Ma per fare un grande team non bastano due giocatori e un bravo allenatore. Boston cedendo (con dolore dei tifosi) Marcus Smart, ha portato al TD Garden Holliday e White, due “conti in banca“. Ha portato il 2,20 Porzingis (che fino a quando non si è infortunato ha dato il suo eccellente contributo) e ha riportato a casa il veterano Horford, vero scienziato del parquet, uomo collante come pochi altri. Vincere è sempre difficile come sanno i Celtics: ripetersi durissima, specie in NBA dove la concorrenza è spietata. Ne sa qualche cosa Denver che la scorsa stagione vinse l'anello e in questa neppure è arrivata in finale. Ma se hai in squadra Tatum, ti può venire da pensare che ti abbia accarezzato il destino. “Goose“ Tatum si chiamava anche il più fantastico dei giocolieri degli Harlem Globe Trotters, l'uomo che segnava in “gancio“ da metà campo e si esibiva con un capello in testa.

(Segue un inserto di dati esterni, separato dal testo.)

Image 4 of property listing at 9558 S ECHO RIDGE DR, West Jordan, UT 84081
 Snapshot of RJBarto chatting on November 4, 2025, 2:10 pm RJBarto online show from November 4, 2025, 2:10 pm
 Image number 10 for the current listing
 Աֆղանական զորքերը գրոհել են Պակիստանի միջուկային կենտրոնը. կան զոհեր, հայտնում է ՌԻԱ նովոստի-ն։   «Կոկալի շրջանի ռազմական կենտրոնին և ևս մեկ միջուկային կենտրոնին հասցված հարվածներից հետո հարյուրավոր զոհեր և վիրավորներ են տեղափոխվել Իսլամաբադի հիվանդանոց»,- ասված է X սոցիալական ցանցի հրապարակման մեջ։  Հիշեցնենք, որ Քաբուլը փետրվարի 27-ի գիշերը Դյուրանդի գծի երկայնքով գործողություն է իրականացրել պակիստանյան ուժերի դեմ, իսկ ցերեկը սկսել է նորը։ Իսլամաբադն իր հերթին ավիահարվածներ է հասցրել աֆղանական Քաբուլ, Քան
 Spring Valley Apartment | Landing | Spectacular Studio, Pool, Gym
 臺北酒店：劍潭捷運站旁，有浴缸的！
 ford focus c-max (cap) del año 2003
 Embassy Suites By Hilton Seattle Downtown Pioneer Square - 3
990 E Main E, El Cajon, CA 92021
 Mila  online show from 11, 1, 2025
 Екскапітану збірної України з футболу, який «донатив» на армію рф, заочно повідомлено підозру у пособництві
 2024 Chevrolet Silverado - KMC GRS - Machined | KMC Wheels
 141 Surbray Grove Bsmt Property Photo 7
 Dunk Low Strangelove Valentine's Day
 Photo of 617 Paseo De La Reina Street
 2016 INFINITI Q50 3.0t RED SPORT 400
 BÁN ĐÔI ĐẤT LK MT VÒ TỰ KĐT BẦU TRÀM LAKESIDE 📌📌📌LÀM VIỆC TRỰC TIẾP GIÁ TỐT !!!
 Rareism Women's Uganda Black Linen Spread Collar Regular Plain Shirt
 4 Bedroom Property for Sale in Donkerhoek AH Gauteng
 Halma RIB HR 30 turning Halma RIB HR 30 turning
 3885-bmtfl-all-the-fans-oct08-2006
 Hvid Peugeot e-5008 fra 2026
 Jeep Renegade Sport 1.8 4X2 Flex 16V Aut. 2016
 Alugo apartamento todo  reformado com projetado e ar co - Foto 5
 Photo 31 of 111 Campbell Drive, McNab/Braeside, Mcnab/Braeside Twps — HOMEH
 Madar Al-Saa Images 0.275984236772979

Ha festeggiato Boston il suo titolo (l'anello che è l'ossessione di ogni giocatore NBA) a bordo dei Duck Boat, mezzi anfibi che solo negli USA potevano concepire. Dall'Italia, dal ritiro della Nazionale, certamente il rammarico di Danilo Gallinari che i Celtics nel 2022 avevano messo sotto contratto, ma nei quali, causa l'infortunio rimediato proprio con la Nazionale, non giocò mai. Danilo non ha mai vinto un titolo NBA e senza quell'infortunio probabilmente questa sarebbe stata la volta buona. Per la cronaca: qualche gara, qualche anno fa con i “verdi“ la disputò anche Gigi Datome, ai quali piaceva molto la sua cultura del lavoro. Il fatto era che a Datome proprio non piaceva l'NBA dove accanto al basket devi saper coniugare anche lo spettacolo. Ma reputo che un messaggio di complimenti Gigi lo avrà mandato. Uno dei tanti ricevuti dai Celtics: perfino quello dell'ex presidente USA, Barack Obama, fan dei Chicago Bulls e grande appassionato di basket.